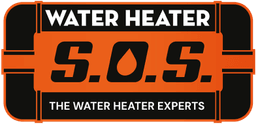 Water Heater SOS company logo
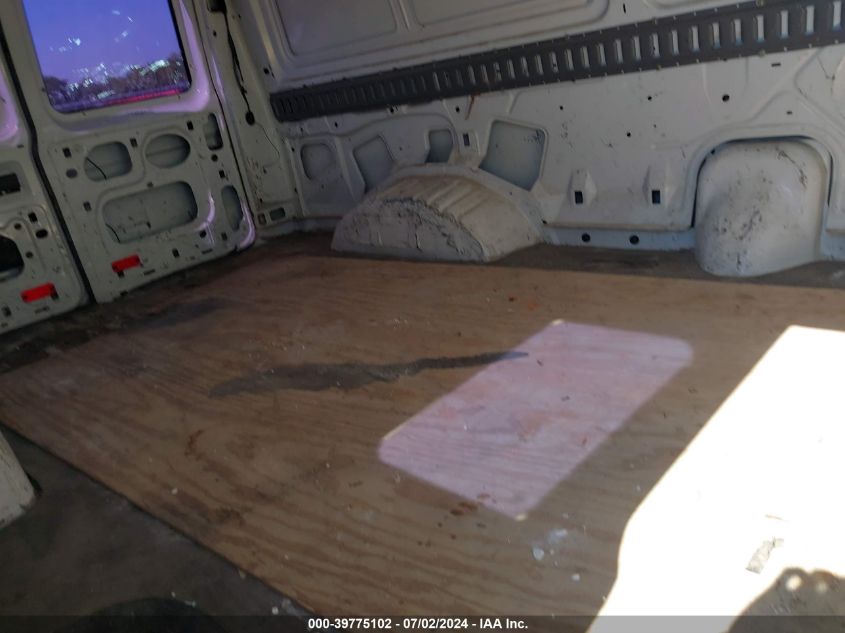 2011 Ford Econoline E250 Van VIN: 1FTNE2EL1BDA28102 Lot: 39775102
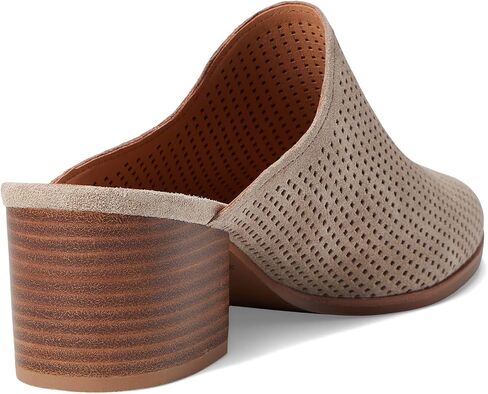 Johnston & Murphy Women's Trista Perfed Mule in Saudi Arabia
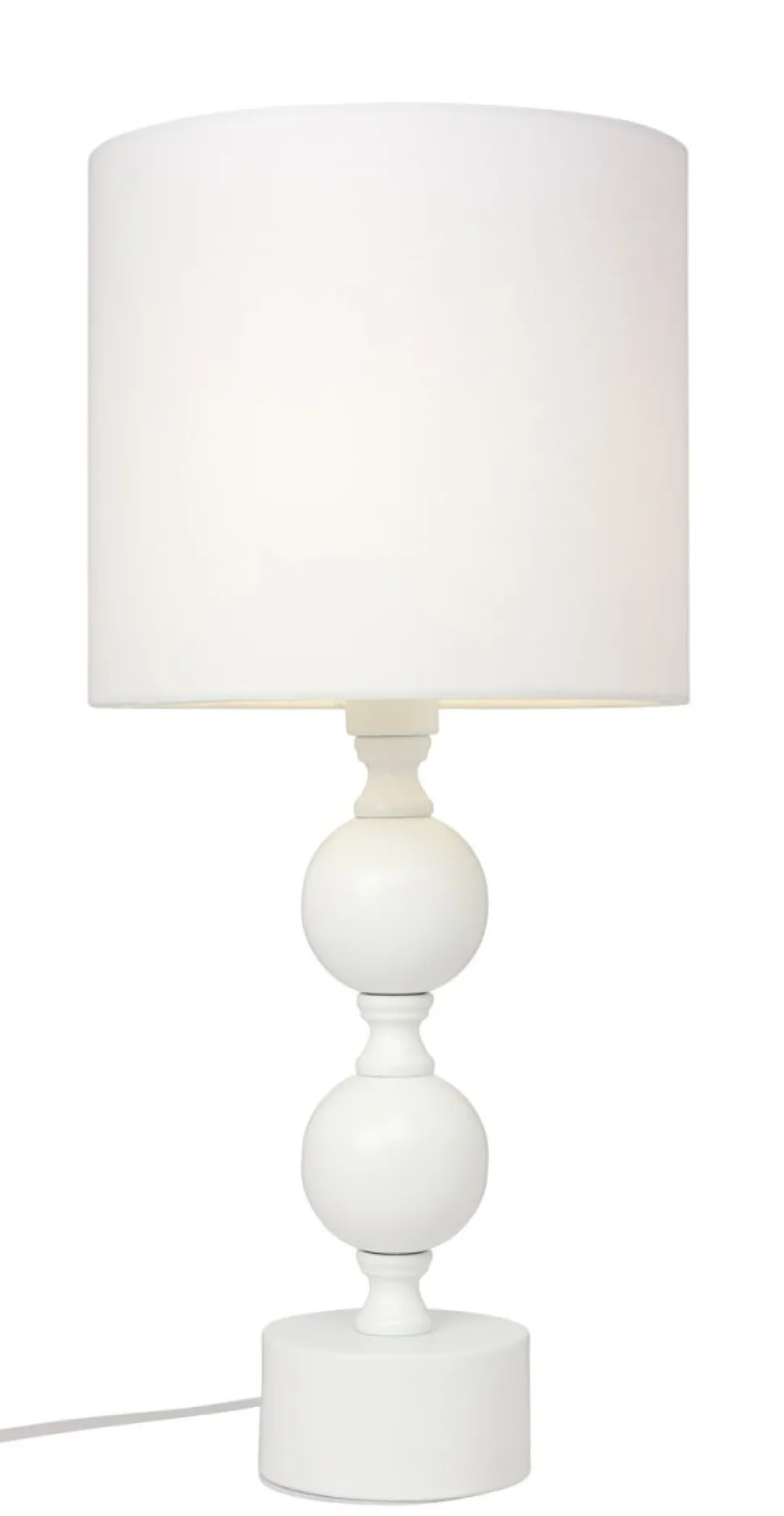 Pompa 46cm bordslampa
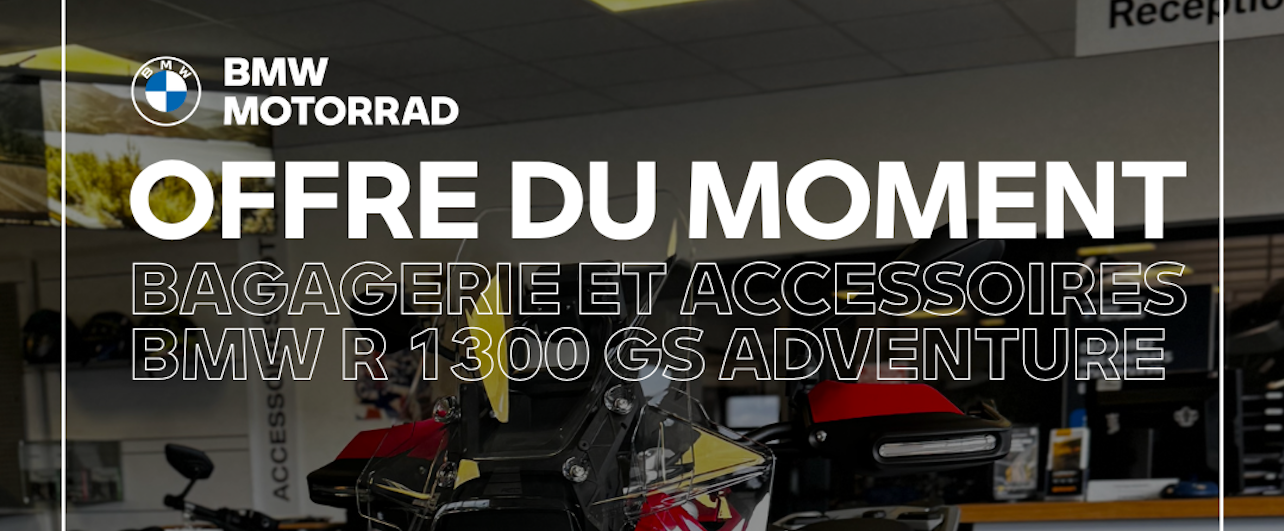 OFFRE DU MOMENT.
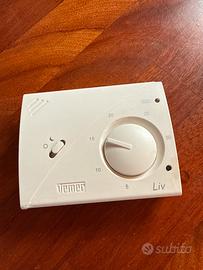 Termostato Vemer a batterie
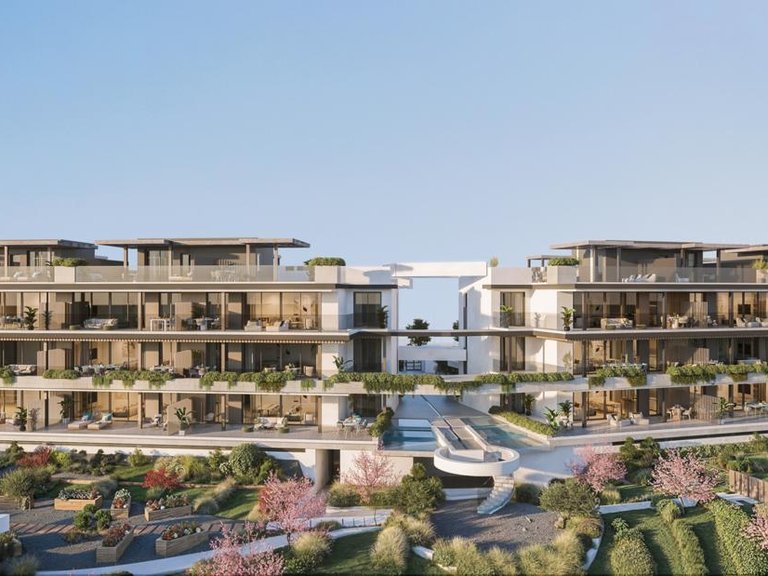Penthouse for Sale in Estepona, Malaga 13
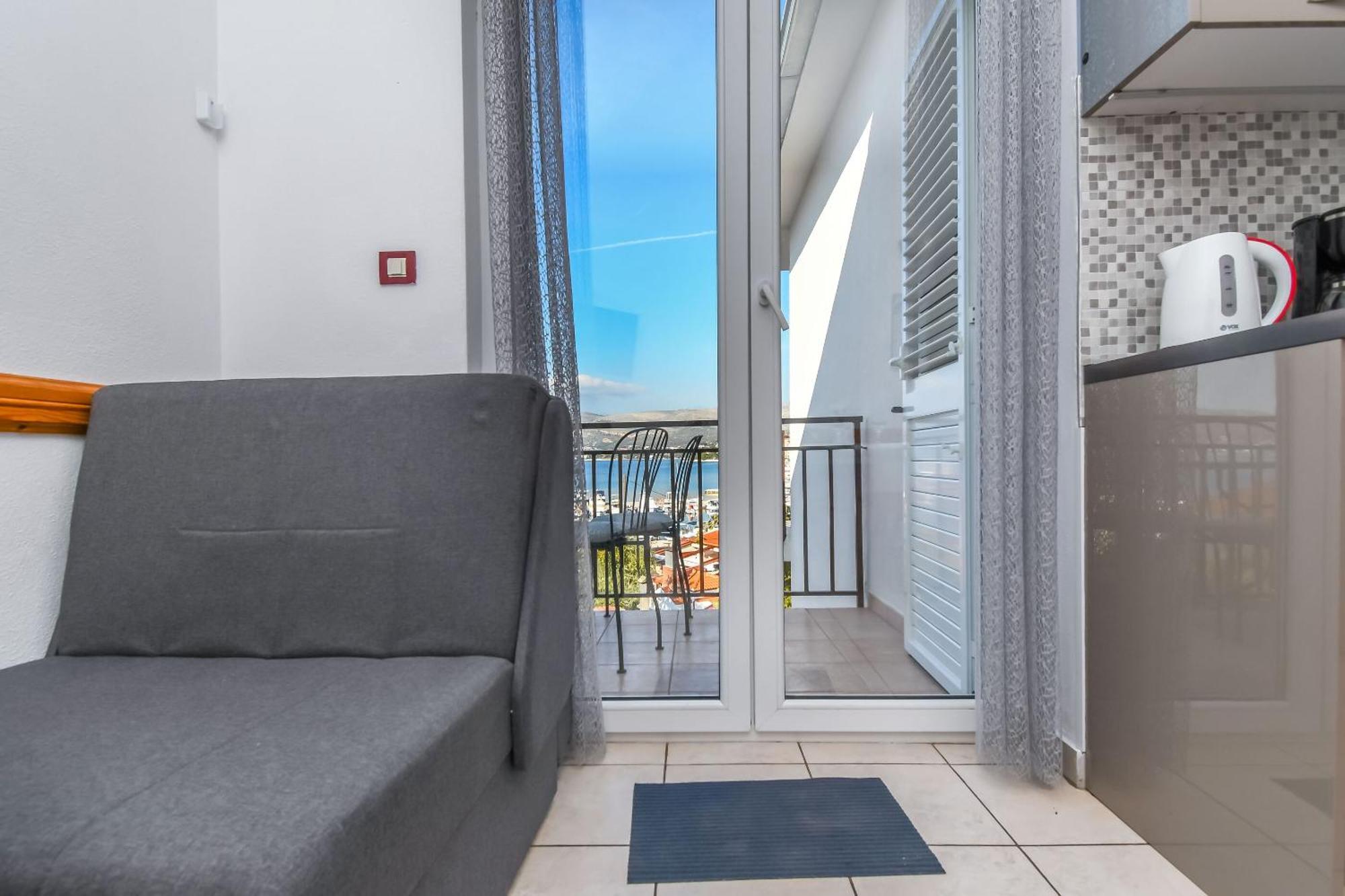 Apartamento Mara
+++
What the task requires
The listing above must be repeated exactly, apart from the pictures.

Answer to this exercise
 Water Heater SOS company logo
 2011 Ford Econoline E250 Van VIN: 1FTNE2EL1BDA28102 Lot: 39775102
 Johnston & Murphy Women's Trista Perfed Mule in Saudi Arabia
 Pompa 46cm bordslampa
 OFFRE DU MOMENT.
 Termostato Vemer a batterie
Penthouse for Sale in Estepona, Malaga 13
 Apartamento Mara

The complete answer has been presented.